- **INSTRUCTIONS FOR THE TASK**
Leave the pictures out and quote only the lines from the one with "flower, freshness, fragility, white" down to the end of the listing below.

- **DATA TO PROCESS**

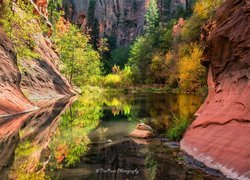 Stany Zjednoczone, Arizona, Sedona, Skały, Wąwóz, Rzeka, Drzewa, Odbicie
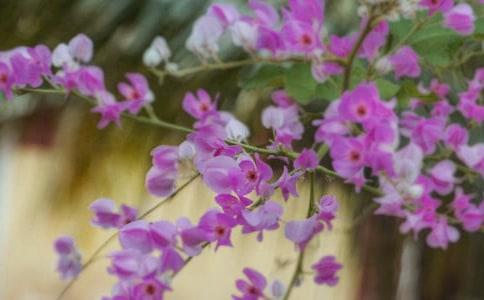 ʢ���Ļ����һ����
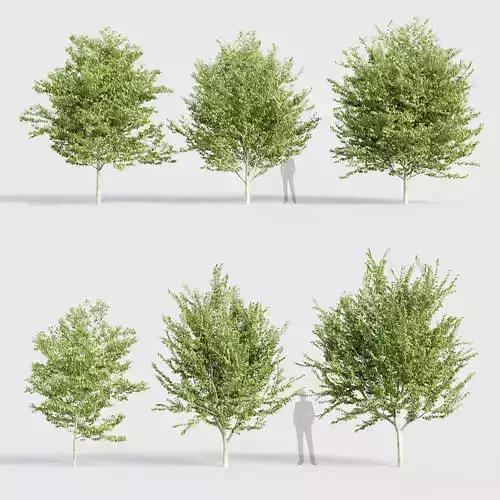 Celtis occidentalis Common hackberry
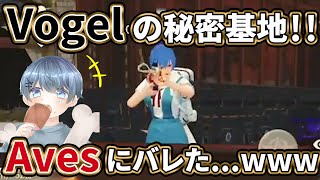 【荒野行動】αDVogel 揃って同じ場所に隠れた結果www【αD】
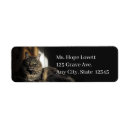 Search for green eyes return address labels Cat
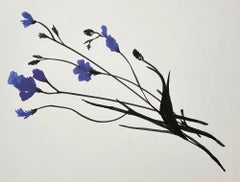 Blue Freesia, June 13, 2024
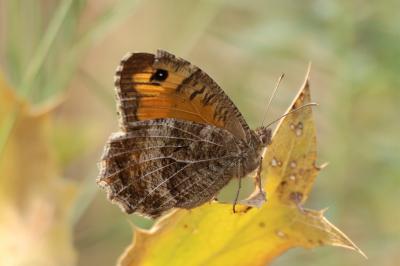 <i>Arethusana arethusa</i>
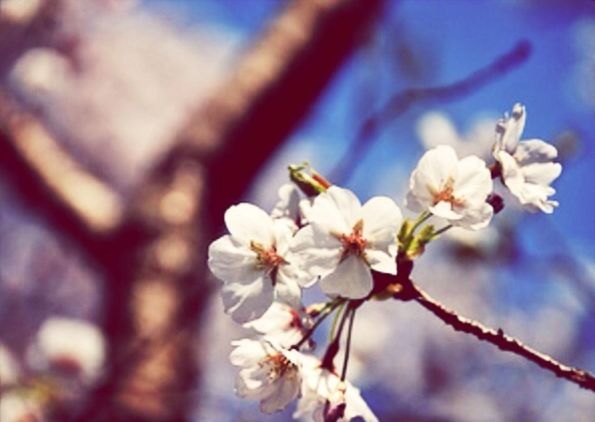 flower, freshness, fragility, white color, petal, cherry blossom, growth, focus on foreground, beauty in nature, close-up, branch, nature, flower head, blossom, twig, cherry tree, stamen, blooming, in bloom, tree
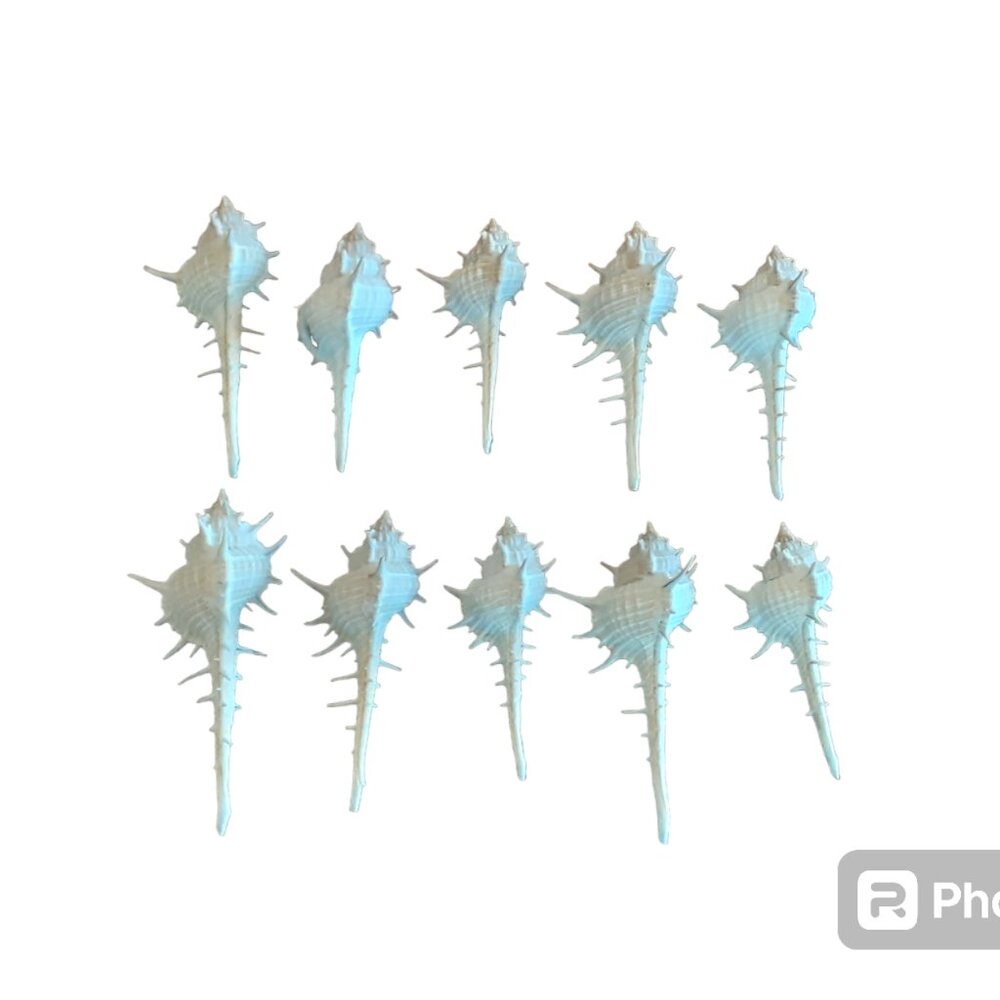 Set Of 10 "Murex Trapa" Seashell Collection. 60mm - 85mm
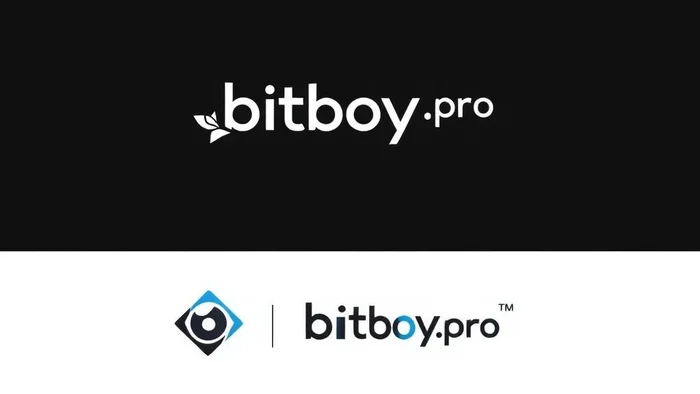 Domain bitboy.pro Brand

- **ANSWER SPACE**
 flower, freshness, fragility, white color, petal, cherry blossom, growth, focus on foreground, beauty in nature, close-up, branch, nature, flower head, blossom, twig, cherry tree, stamen, blooming, in bloom, tree
 Set Of 10 "Murex Trapa" Seashell Collection. 60mm - 85mm
 Domain bitboy.pro Brand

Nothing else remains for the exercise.